Summary: In response to the growing financial crisis, the government at last takes large-scale measures to stop the rip. These move us ever farther from a free-market system, towards an increasingly centralized and government-dominated economy. Taken in haste, we will have a long-time to consider the wisdom of these steps. Few things so effectively panic a people into surrendering their sovereignty like a hot crisis. Also, remember that that the winners of the November election will have to guide us through this crisis.
Update: This is history in the making, a decisive change in our political and economic system. This post takes a first cut at placing this event in perspective against the overall economic process affecting the United States. Paulson has become a Marxist, for sure. We do not yet know of which form: Karl or Groucho.
In my report on 15 September I described the three phases of the crisis.
- Collapse of the mortgage brokers, starting in December 2006 — met with laissez faire (indifference).
- Collapse of flawed financial institutions (Countrywide bank, Bear-Stearns, the government-sponsored enterprises) — met with massive intervention and bailouts.
- Contagion and failure of healthy institutions.
As we entered phase 3, I said that treatment of the financial system, not its parts, would be needed. That might include actions such as…
- massive fiscal and monetary stimulus programs,
- large scale and explicit nationalizations,
- coordinated central bank action to adjust relative currency values and control capital flows.
We saw two of these steps initiated on Thursday.

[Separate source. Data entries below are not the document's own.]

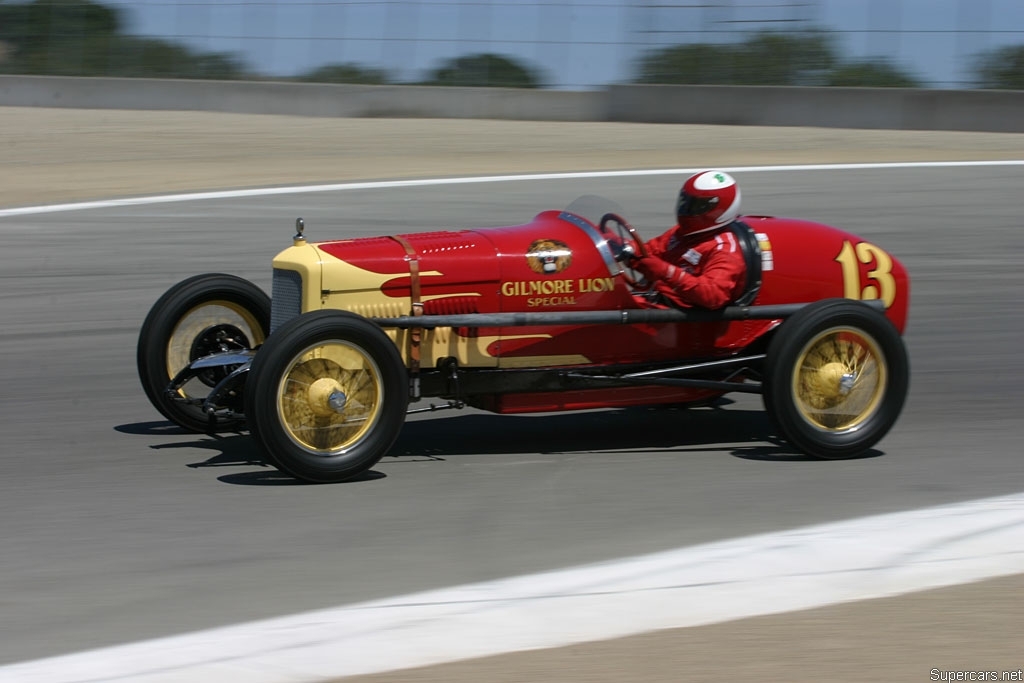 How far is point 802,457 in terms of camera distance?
654cm

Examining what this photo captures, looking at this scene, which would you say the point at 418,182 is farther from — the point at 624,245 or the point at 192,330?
the point at 624,245

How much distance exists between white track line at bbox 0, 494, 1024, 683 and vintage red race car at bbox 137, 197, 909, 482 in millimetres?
1156

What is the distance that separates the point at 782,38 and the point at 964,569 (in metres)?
21.6

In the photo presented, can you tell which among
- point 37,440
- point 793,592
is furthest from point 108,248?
point 793,592

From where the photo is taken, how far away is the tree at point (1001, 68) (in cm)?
2367

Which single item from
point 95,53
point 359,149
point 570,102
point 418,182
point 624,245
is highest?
point 95,53

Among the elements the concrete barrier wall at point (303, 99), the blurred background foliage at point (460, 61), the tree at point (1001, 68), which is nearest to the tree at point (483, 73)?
the blurred background foliage at point (460, 61)

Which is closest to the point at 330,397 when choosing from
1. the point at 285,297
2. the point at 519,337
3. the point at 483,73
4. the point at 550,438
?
the point at 285,297

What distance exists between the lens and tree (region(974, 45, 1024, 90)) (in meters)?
23.7

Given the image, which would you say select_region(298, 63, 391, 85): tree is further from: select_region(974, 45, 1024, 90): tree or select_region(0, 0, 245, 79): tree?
select_region(974, 45, 1024, 90): tree

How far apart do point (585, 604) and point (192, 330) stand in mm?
3182

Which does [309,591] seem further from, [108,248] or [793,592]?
[108,248]

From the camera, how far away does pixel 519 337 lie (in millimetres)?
6566

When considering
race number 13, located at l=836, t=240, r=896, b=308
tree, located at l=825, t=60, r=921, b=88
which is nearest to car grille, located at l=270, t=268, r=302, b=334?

(1) Coordinated central bank action
Hoping to shore up confidence with a show of financial shock and awe, the Federal Reserve stunned investors before dawn on Thursday by announcing a plan to provide $180 billion to financial markets through lending programs operated by the European Central Bank and the central banks of Canada, Japan, Britain and Switzerland.

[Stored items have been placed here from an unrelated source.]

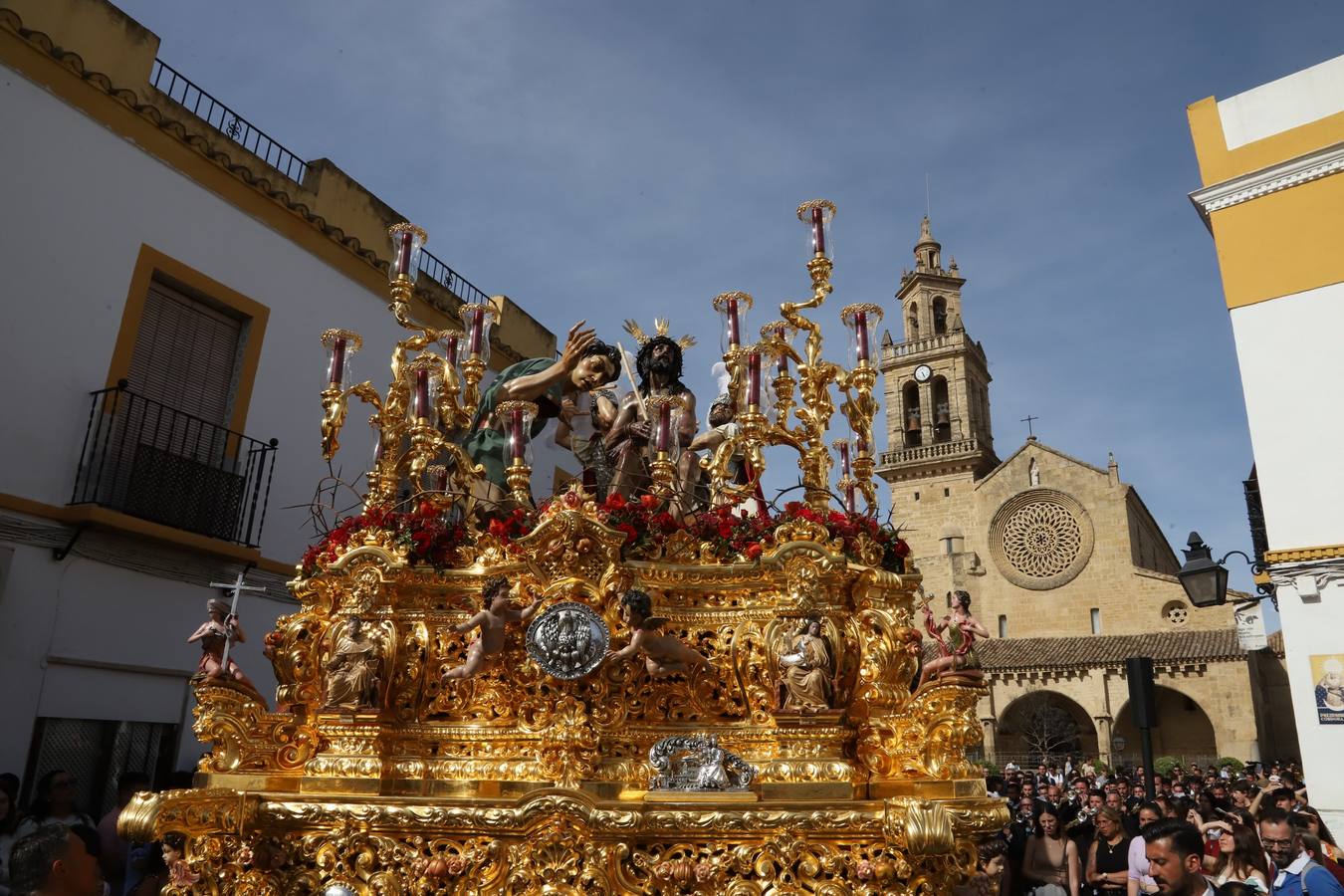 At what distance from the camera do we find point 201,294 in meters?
11.0

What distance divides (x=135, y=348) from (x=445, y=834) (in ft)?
24.2

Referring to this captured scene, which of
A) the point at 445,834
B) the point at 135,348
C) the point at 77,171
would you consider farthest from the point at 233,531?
the point at 445,834

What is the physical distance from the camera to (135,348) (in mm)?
10328

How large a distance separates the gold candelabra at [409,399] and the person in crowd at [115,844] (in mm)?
2658

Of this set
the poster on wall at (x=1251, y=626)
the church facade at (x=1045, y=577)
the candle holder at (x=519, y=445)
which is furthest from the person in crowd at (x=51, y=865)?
the church facade at (x=1045, y=577)

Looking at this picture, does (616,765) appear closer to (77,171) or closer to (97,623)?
(97,623)

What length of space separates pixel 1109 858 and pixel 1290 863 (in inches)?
115

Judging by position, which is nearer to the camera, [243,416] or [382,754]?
[382,754]

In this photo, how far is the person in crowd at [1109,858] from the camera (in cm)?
731

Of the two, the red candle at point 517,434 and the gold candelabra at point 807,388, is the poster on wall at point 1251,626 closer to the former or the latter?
the gold candelabra at point 807,388

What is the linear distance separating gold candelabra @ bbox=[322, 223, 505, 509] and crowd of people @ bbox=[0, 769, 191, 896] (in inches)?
106

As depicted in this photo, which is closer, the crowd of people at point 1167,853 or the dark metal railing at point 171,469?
the crowd of people at point 1167,853

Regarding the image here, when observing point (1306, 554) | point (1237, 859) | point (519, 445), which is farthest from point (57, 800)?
point (1306, 554)

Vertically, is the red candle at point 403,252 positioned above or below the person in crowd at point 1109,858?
above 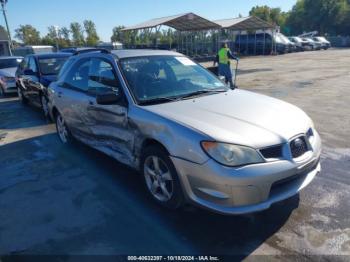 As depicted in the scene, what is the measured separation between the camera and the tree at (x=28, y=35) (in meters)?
87.4

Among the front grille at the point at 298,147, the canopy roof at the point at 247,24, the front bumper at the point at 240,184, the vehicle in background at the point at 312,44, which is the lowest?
the vehicle in background at the point at 312,44

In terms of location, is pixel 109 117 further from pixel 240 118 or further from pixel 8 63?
pixel 8 63

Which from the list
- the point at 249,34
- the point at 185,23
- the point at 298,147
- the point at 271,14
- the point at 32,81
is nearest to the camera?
the point at 298,147

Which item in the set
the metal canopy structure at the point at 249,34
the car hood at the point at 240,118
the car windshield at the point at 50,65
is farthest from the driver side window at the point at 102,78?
the metal canopy structure at the point at 249,34

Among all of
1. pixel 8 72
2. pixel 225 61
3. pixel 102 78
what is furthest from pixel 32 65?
pixel 225 61

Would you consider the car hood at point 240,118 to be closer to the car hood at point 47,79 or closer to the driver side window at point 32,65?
the car hood at point 47,79

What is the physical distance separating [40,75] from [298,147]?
767 centimetres

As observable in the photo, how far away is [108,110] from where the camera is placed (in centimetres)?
423

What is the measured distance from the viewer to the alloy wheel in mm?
3462

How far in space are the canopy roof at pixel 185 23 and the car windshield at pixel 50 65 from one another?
70.2 feet

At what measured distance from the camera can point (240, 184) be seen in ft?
9.28

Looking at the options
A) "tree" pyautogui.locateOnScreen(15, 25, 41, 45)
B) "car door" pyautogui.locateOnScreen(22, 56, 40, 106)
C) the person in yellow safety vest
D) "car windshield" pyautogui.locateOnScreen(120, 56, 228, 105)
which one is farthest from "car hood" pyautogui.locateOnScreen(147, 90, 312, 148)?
"tree" pyautogui.locateOnScreen(15, 25, 41, 45)

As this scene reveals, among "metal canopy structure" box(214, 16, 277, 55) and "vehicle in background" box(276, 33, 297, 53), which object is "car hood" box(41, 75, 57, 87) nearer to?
"metal canopy structure" box(214, 16, 277, 55)

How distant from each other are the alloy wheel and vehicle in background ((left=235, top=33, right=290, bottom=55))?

— Source: NY Times. See Brad Setser’s blog at CFR for analysis of this in a global context.
(2) Massive nationalization of assets — the master bailout, limits as yet unknown and unknowable
The head of the Treasury and the Federal Reserve began discussions on Thursday with Congressional leaders on what could become the biggest bailout in United States history. While details remain to be worked out, the plan is likely to authorize the government to buy distressed mortgages at deep discounts from banks and other institutions. The proposal could result in the most direct commitment of taxpayer funds so far in the financial crisis that Fed and Treasury officials say is the worst they have ever seen.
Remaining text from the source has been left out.